== WHAT THE TASK ASKS ==
Give back exactly the lines of the entries below from the line with "<p><b>FENERBAHÇE'DE OYNAR MI?</b></p><p><br></p><p>'Ben" to the line with "예산군청 민원실 전경", inclusive, and only those.

━━━ DATA SHOWN

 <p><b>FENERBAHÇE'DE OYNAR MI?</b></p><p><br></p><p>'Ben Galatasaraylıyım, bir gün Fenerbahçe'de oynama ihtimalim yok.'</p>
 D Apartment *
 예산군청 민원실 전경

━━━━━━
━━━ DATA SHOWN

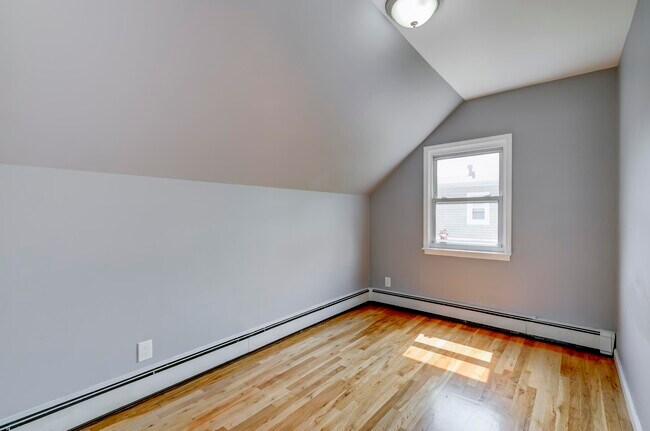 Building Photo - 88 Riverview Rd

━━━━━━
━━━ DATA SHOWN

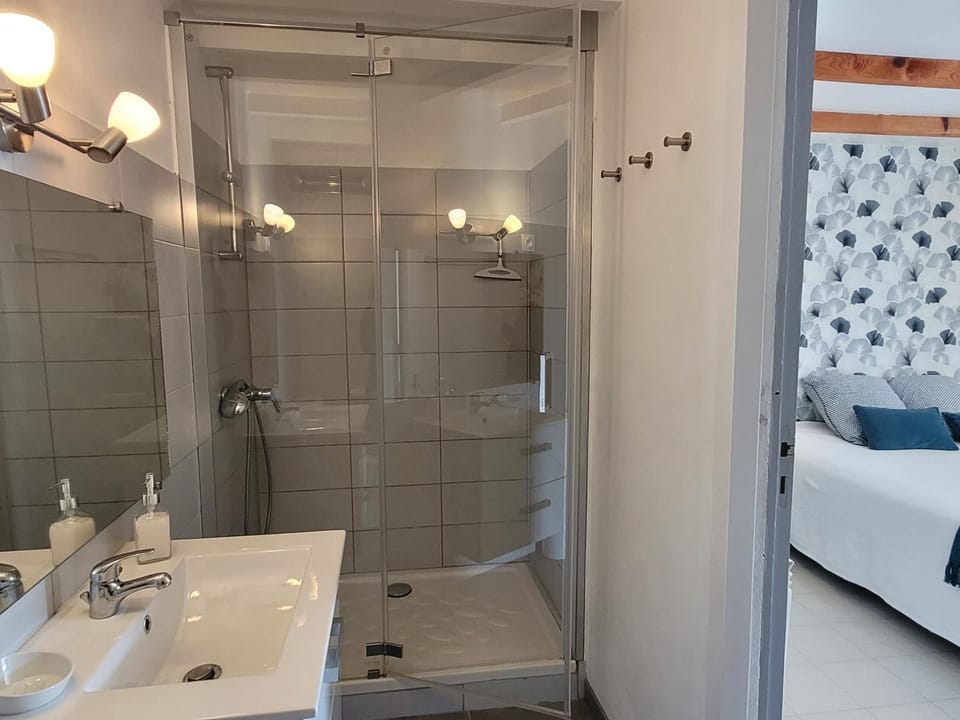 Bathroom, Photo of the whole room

━━━━━━

== THE COMPLETED TASK ==
 <p><b>FENERBAHÇE'DE OYNAR MI?</b></p><p><br></p><p>'Ben Galatasaraylıyım, bir gün Fenerbahçe'de oynama ihtimalim yok.'</p>
 D Apartment *
 예산군청 민원실 전경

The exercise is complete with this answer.